Follow these recommendations to make the most of your rate limits and avoid unnecessary throttling.

Batch requests when possible

Some endpoints support batch operations. For example, use the batch transcription endpoint to process multiple audio files in a single request instead of making individual calls.

Implement client-side caching

Cache voice lists, transcription results, and other responses that do not change frequently. This reduces redundant API calls and keeps you well within your limits.

Use webhooks instead of polling

For long-running operations like dubbing or voice cloning, register a webhook to receive a notification when the job completes instead of polling the status endpoint repeatedly.

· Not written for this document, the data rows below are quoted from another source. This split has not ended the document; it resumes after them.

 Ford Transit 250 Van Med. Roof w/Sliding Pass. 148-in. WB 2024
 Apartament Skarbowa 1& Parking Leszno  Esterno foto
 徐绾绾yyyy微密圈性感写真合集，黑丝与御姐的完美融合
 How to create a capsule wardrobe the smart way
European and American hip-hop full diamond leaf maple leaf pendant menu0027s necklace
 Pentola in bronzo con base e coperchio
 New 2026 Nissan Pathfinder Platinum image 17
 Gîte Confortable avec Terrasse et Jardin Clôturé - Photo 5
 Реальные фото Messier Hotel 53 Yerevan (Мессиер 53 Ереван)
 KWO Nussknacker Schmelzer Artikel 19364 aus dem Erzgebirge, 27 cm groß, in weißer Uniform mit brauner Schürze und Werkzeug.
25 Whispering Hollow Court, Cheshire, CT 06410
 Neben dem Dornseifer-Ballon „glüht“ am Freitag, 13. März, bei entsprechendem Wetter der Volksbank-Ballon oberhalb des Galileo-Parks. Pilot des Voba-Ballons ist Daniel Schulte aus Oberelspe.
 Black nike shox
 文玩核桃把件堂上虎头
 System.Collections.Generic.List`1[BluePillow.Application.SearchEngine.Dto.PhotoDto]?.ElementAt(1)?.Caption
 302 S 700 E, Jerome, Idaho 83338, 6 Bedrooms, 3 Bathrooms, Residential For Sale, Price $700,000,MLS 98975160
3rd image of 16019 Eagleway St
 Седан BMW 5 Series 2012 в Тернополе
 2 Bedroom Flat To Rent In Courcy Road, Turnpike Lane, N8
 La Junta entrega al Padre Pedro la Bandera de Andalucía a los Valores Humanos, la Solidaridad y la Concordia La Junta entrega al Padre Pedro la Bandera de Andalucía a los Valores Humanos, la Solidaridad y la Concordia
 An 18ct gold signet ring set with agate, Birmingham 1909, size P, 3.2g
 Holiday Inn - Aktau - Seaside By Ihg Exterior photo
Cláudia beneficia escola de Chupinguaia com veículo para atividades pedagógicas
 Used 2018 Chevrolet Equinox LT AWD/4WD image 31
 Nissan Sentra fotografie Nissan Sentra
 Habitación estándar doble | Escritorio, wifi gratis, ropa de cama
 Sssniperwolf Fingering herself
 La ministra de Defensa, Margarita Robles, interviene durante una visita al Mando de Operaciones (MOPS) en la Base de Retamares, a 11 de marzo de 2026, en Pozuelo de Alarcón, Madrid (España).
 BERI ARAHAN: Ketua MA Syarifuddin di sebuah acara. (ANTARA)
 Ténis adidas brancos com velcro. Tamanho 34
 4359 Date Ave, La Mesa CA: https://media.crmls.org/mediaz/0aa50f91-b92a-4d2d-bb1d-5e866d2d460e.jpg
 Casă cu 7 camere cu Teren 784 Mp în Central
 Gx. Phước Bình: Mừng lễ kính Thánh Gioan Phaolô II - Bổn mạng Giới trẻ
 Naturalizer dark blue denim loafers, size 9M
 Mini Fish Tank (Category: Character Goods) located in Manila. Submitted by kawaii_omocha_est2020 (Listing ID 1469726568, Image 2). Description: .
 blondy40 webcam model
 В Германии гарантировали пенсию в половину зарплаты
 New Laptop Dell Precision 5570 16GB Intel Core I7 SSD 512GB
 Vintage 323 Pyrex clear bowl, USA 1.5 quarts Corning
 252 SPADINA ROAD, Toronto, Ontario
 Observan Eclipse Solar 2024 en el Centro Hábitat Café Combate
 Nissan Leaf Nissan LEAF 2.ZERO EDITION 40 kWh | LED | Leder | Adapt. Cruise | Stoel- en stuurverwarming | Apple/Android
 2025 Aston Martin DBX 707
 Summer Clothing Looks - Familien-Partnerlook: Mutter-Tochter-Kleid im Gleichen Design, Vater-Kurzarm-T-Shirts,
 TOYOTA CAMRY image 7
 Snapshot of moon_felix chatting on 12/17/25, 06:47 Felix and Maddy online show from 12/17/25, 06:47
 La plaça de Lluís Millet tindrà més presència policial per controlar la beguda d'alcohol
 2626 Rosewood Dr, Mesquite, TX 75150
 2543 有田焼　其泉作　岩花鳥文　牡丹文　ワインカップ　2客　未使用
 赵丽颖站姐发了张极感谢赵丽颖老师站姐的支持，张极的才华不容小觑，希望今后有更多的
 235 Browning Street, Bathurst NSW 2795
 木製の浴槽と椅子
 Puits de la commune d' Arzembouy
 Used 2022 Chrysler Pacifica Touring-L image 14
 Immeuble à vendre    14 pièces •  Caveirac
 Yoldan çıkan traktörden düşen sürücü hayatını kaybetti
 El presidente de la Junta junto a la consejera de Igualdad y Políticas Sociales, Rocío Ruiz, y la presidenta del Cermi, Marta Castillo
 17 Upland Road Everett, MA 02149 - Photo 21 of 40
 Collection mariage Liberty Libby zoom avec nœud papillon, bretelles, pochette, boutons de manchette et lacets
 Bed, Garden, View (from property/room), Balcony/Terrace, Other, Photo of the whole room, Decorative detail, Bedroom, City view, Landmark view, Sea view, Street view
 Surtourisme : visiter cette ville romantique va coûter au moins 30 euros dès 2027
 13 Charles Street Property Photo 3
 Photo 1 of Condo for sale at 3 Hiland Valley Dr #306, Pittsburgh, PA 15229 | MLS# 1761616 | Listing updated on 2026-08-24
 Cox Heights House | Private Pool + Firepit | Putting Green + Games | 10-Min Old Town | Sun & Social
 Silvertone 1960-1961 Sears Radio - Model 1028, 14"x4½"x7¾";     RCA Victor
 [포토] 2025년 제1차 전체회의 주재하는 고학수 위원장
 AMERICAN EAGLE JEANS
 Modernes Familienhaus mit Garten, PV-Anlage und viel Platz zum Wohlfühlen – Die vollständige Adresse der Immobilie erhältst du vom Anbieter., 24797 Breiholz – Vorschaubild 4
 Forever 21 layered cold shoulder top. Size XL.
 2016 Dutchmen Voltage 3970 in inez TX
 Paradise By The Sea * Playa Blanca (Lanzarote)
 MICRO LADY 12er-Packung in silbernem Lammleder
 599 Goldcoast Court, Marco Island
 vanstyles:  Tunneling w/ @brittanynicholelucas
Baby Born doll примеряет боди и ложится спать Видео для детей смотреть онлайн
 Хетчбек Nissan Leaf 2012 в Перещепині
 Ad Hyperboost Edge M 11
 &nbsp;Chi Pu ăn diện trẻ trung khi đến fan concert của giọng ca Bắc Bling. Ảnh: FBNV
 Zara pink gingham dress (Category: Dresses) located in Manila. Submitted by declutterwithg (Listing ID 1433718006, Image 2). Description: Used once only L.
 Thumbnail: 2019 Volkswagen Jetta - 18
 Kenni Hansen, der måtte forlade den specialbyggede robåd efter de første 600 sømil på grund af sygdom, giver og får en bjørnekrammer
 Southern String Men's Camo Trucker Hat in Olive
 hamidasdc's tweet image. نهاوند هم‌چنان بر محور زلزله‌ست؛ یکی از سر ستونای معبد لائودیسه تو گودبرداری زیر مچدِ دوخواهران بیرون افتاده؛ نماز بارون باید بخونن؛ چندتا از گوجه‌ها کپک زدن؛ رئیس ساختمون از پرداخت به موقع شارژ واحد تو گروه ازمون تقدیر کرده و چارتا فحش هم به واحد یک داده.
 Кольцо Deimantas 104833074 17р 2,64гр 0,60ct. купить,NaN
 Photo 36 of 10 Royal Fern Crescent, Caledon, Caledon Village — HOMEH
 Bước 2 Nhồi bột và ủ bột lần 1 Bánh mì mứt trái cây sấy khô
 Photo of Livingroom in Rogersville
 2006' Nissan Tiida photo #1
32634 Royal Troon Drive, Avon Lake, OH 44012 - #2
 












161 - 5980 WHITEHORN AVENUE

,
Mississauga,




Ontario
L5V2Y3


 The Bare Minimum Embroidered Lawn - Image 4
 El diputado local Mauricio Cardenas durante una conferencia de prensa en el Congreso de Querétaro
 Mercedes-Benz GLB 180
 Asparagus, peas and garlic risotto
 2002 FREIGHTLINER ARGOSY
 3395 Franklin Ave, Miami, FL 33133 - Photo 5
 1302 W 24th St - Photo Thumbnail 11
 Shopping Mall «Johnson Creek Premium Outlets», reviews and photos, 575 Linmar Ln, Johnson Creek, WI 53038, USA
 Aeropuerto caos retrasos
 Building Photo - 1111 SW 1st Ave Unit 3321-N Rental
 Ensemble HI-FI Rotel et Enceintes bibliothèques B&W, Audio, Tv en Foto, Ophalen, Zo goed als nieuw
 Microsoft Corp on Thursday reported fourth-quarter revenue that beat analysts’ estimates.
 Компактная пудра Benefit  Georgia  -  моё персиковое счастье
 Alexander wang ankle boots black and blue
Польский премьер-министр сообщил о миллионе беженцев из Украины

Monitor rate limit headers

Read the X-RateLimit-Remaining header on every response and throttle your client when the value approaches zero. This is more efficient than reacting to 429 errors.

Spread requests evenly

Avoid burst patterns where you send many requests at once. Distribute your requests evenly across the rate limit window for smoother throughput.

Request a limit increase

If your use case requires higher limits, contact the Nur team or upgrade to a higher tier. Enterprise plans offer fully custom limits tailored to your needs.